(What the task requires)
Please return the listing below word for word, minus its pictures.

(Information supplied)
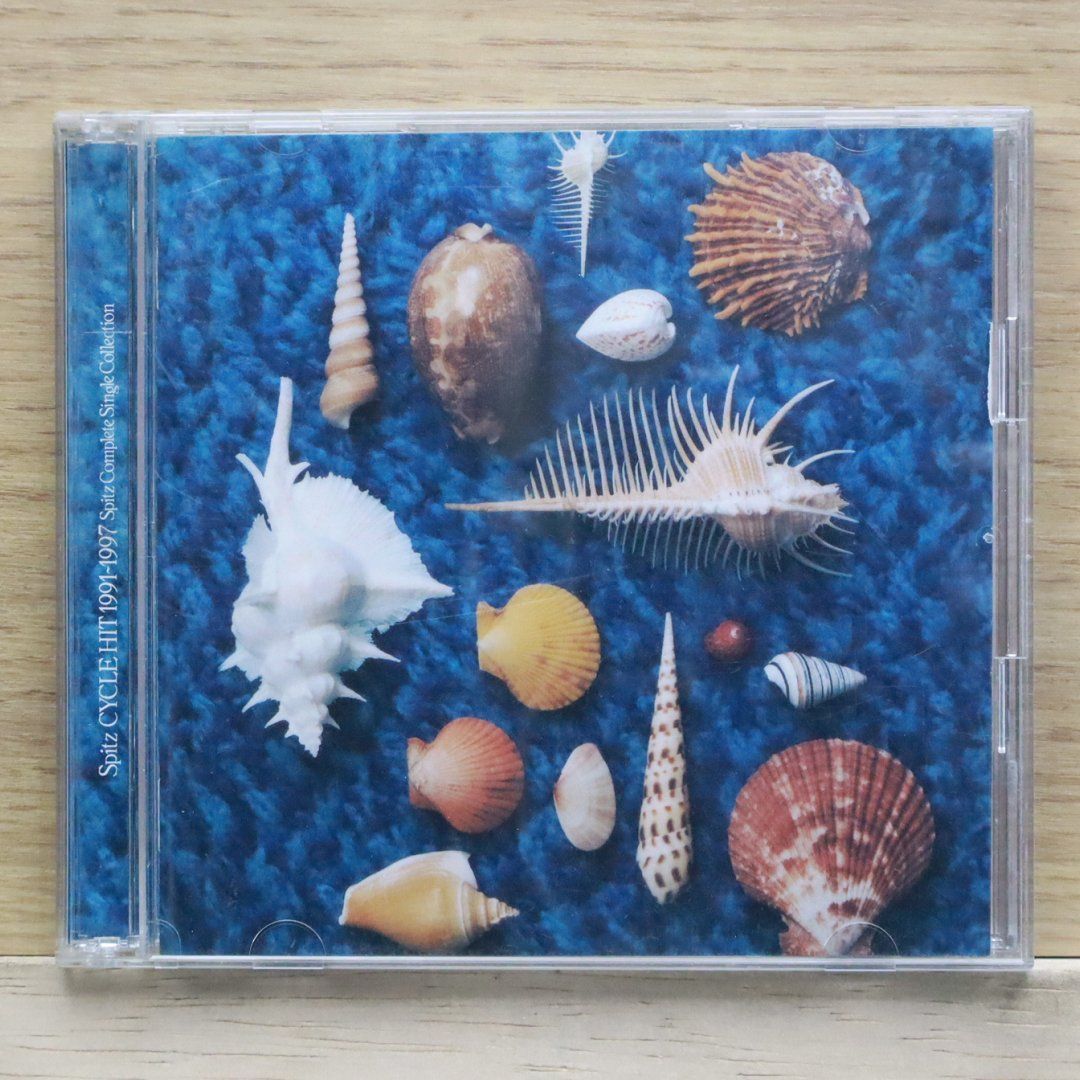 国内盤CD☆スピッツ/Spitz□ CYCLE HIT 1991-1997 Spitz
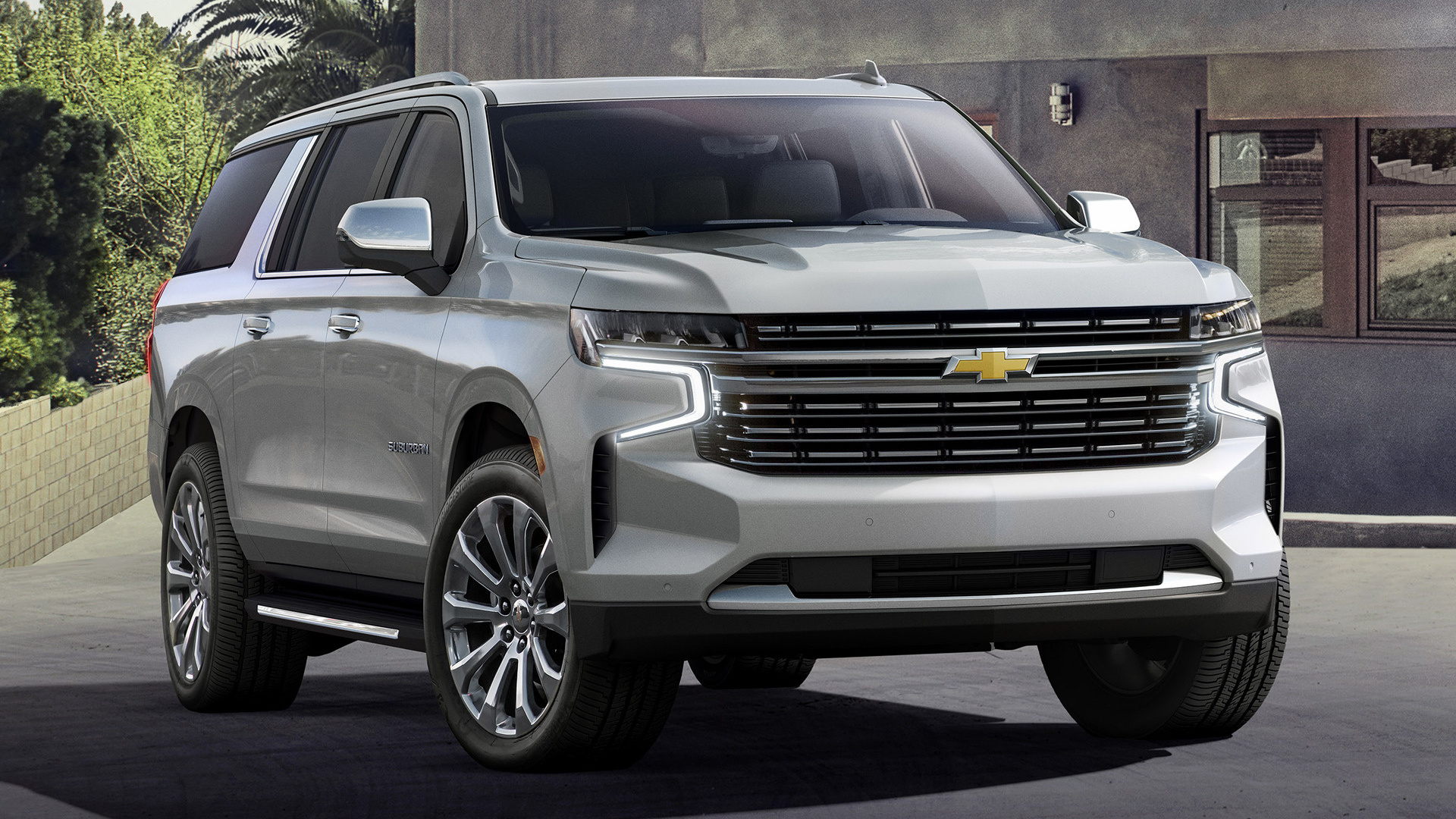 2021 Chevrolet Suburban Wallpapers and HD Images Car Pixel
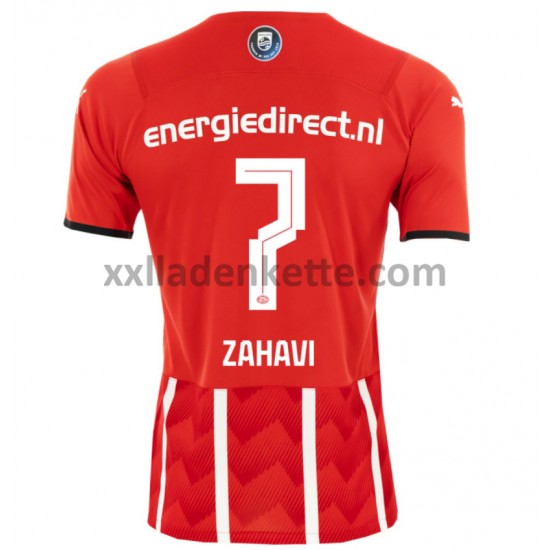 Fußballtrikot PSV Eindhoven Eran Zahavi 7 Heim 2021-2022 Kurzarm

(Result of the task)
 国内盤CD☆スピッツ/Spitz□ CYCLE HIT 1991-1997 Spitz
 2021 Chevrolet Suburban Wallpapers and HD Images Car Pixel
 Fußballtrikot PSV Eindhoven Eran Zahavi 7 Heim 2021-2022 Kurzarm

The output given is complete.